JURISDICTION AND PROCEDURE

5.      These are the formal written reasons of the Civil Resolution Tribunal (CRT). The CRT has jurisdiction over small claims brought under section 118 of the Civil Resolution Tribunal Act (CRTA). Section 2 of the CRTA states that the CRT’s mandate is to provide dispute resolution services accessibly, quickly, economically, informally, and flexibly. In resolving disputes, the CRT must apply principles of law and fairness.

6.      Section 39 of the CRTA says the CRT has discretion to decide the format of the hearing, including by writing, telephone, videoconferencing, email, or a combination of these. Here, I find that I am properly able to assess and weigh the documentary evidence and submissions before me.
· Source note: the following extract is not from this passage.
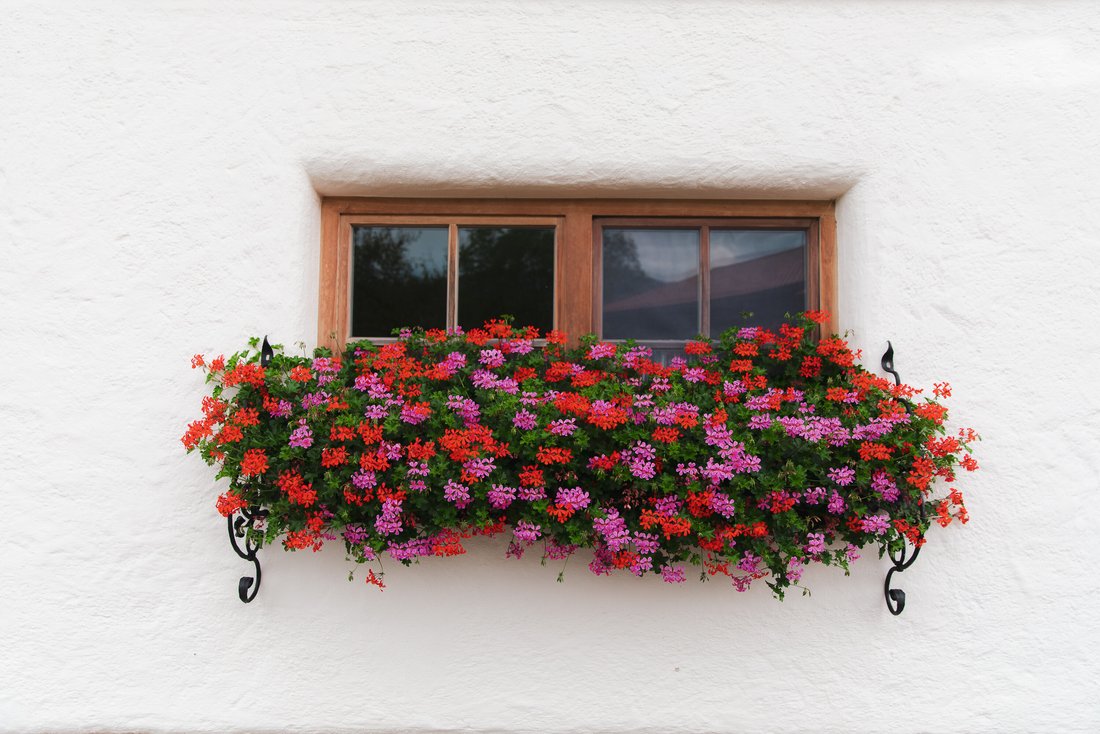 Blumenschmuck vor einem Fenster auf dem Wimmerhof in Inzell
Further, bearing in mind the CRT’s mandate that includes proportionality and a speedy resolution of disputes, I find that an oral hearing is not necessary in the interests of justice.

7.      Section 42 of the CRTA says the CRT may accept as evidence information that it considers relevant, necessary and appropriate, whether or not the information would be admissible in a court of law.
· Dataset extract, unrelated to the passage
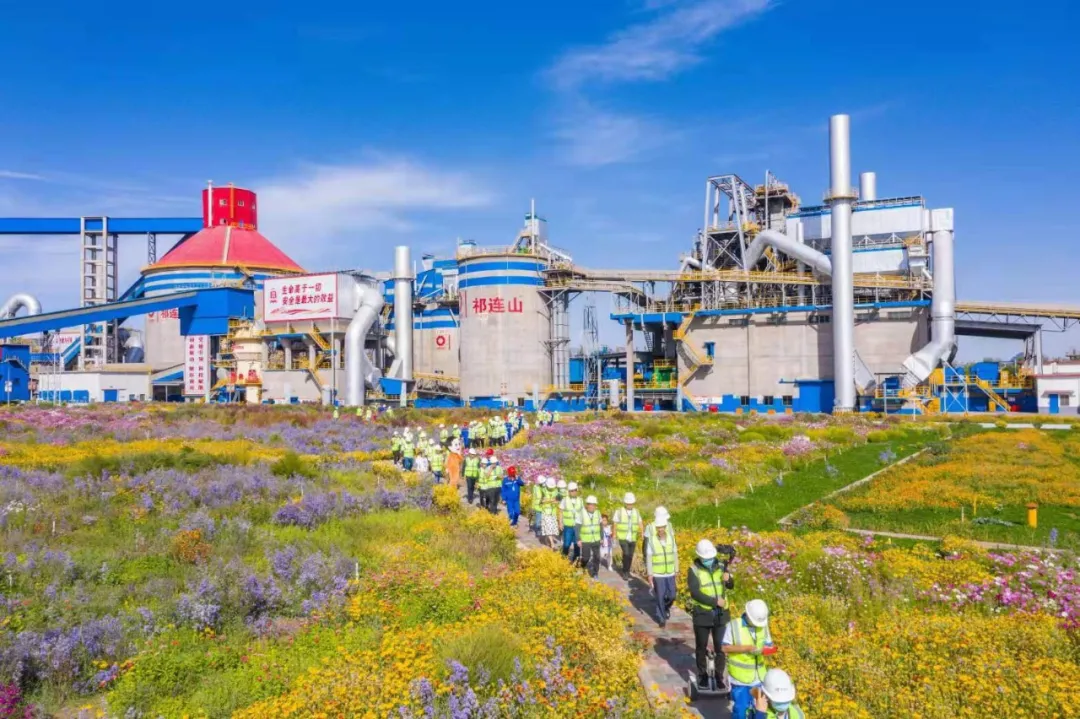 走进“善用资源日”盛开企业，来EMC易倍花海工厂打卡吧！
8.      Where permitted by section 118 of the CRTA, in resolving this dispute the CRT may order a party to do or stop doing something, pay money or make an order that includes any terms or conditions the CRT considers appropriate.

ISSUES

9.      The issues in this dispute are:

a.    Did ICBC breach its statutory obligations or its contract of insurance?

b.    Who is responsible for the September 27, 2022 accident?

c.    What is the appropriate remedy?

EVIDENCE AND ANALYSIS

10.   In a civil proceeding like this one, the applicant Mr. Jaggs must prove his claims on a balance of probabilities (meaning “more likely than not”). I have read all the parties’ submissions and evidence but refer only to the evidence and argument that I find relevant to provide context for my decision.

Did ICBC breach its statutory obligations or its contract of insurance?

11.   The accident occurred on September 27, 2022, as Mr. Jaggs was exiting the driveway of his condominium residence in Richmond, BC. A third party, EH, was operating an electric scooter on the sidewalk and collided with Mr. Jaggs’ vehicle.

12.   Mr. Jaggs says that ICBC initially found him 100% responsible for the accident, but he appealed that decision to a manager. He says ICBC then amended its decision and held him 75% responsible. ICBC does not dispute this. Mr. Jaggs says that ICBC should have held EH at least 50% liable.

13.   In this claim against ICBC, I find that Mr. Jaggs must establish that ICBC breached its statutory duties or its contract of insurance.

14.   Insurance contracts generally include an implied duty of good faith on the part of the insurer. This requires ICBC to act fairly, both in how it investigates and assesses the claim, and in its decision about whether to pay the claim. See Bhasin v. Hrynew, 2014 SCC 71. As noted in the Continuing Legal Education Society of BC’s “BC Motor Vehicle Accident Claims Practice Manual”, an insurer is not expected to investigate a claim with the skill and forensic proficiency of a detective. Rather, an insurer must bring “reasonable diligence, fairness, an appropriate level of skill, thoroughness, and objectivity to the investigation and the assessment of the collected information”. See McDonald v. Insurance Corporation of British Columbia, 2012 BCSC 283.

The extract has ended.